> [What this task involves] Once the line containing "trueBrowns White Cotton" is located in the records below, repeat it and all lines that follow it exactly, leaving out any picture.
____ Data supplied
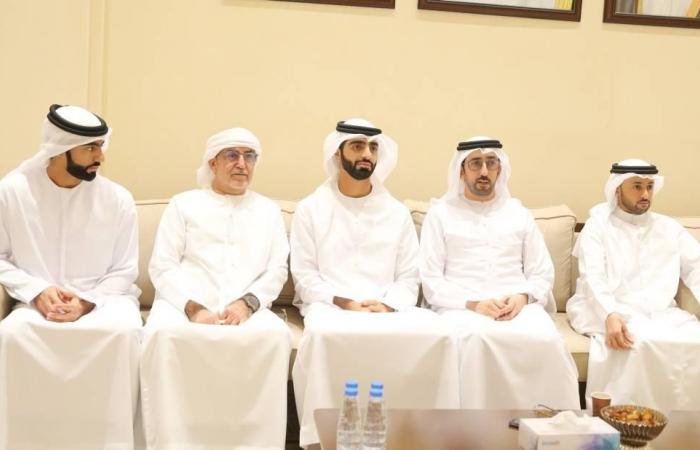 الامارات الان | شيوخ ومسؤولون يعزون بوفاة عبدالله المزروعي | عيون الجزيرة الامارات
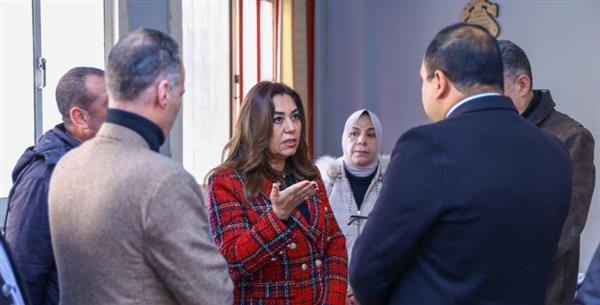 وزيرة التنمية المحلية تقوم بجولة مفاجئة لحي بولاق الدكرور بالجيزة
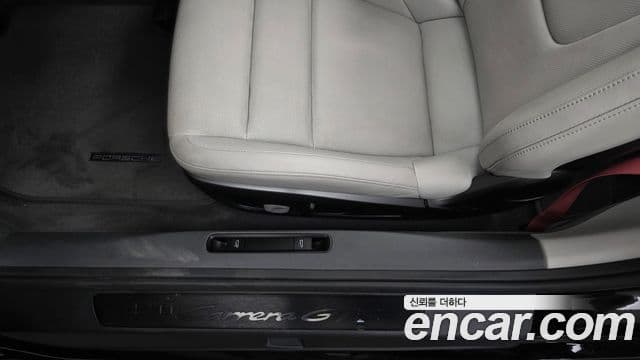 Porsche 911 2023 — Photo 11/34
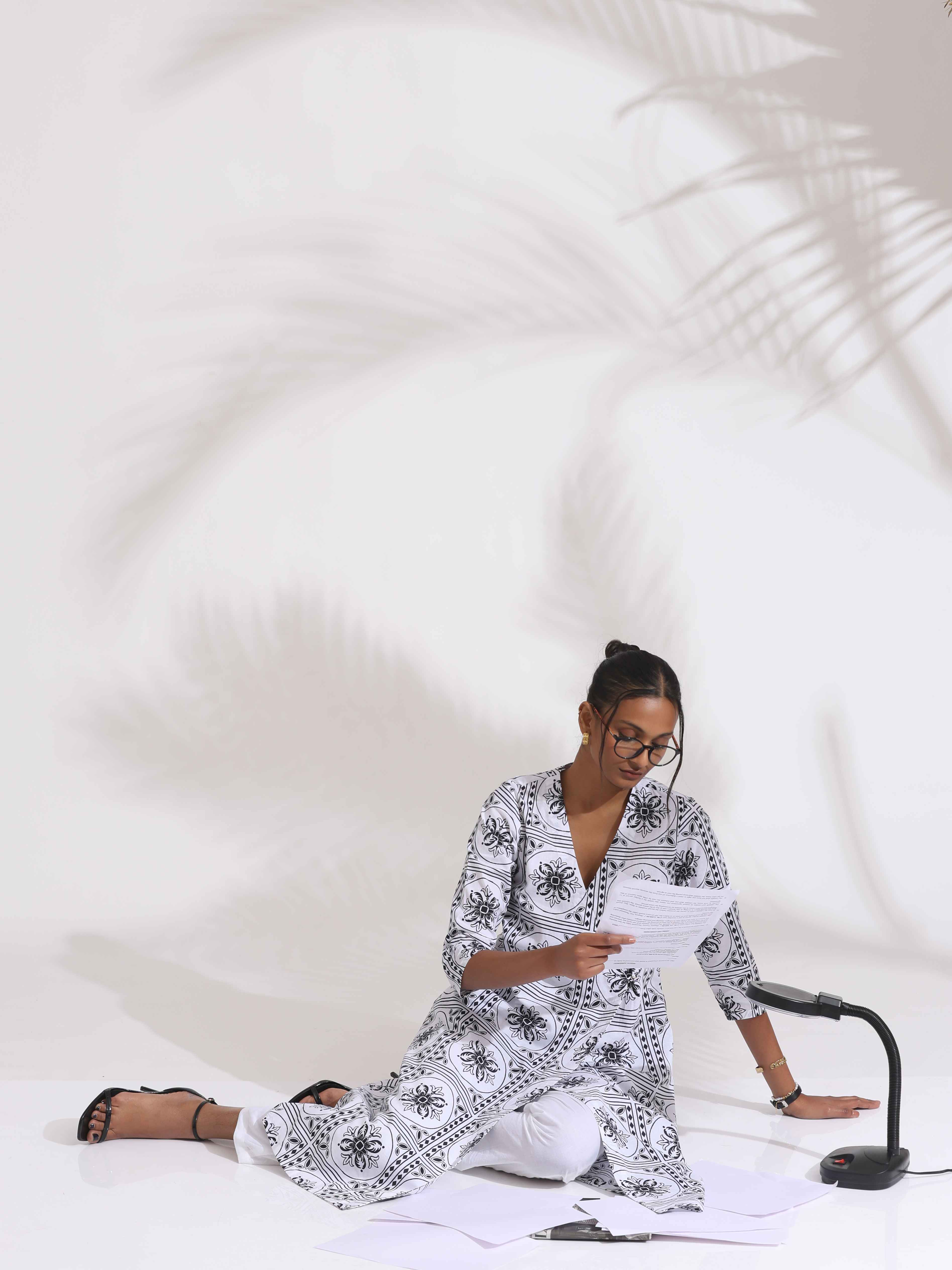 trueBrowns White Cotton Geometric Print Angrakha Kurta Set - Distacart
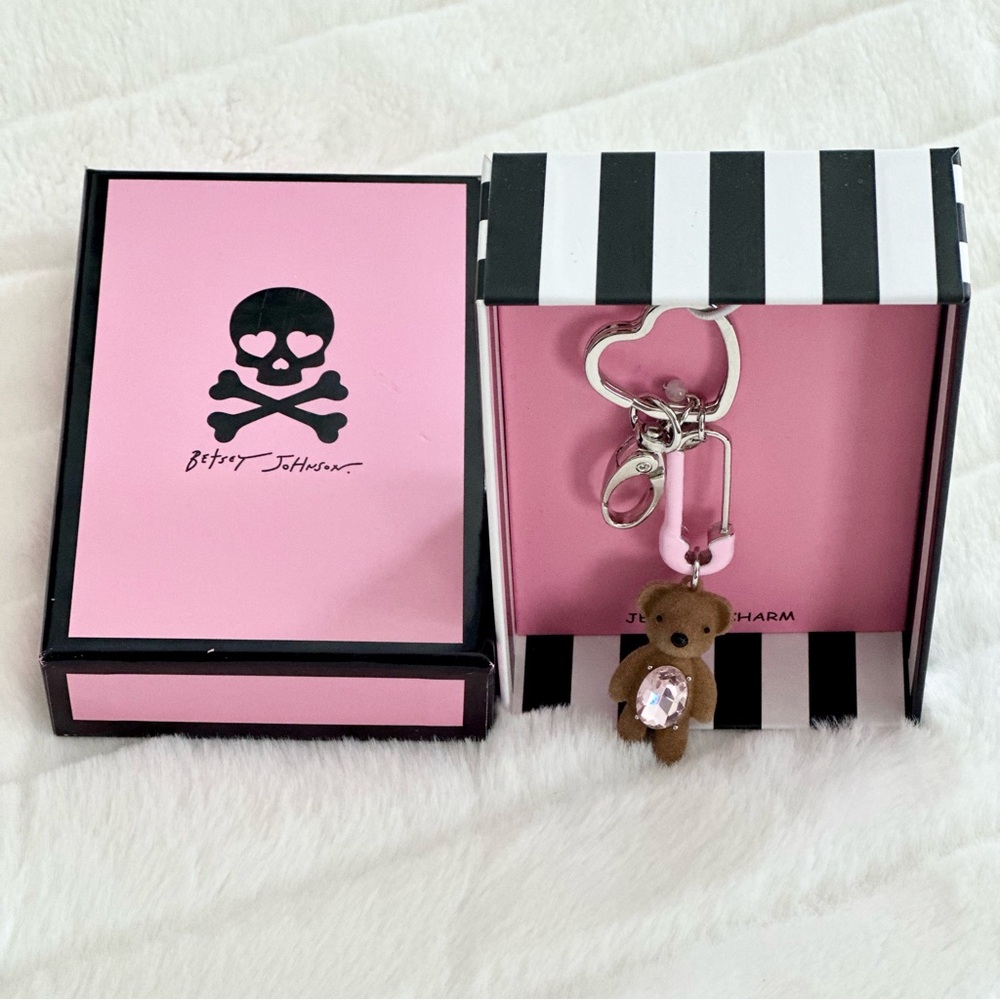 Betsey Johnson Teddy Bear Jewelry Charm Heart Keychain Gift Box Pink Paperclip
________
> [Expected output]
 trueBrowns White Cotton Geometric Print Angrakha Kurta Set - Distacart
 Betsey Johnson Teddy Bear Jewelry Charm Heart Keychain Gift Box Pink Paperclip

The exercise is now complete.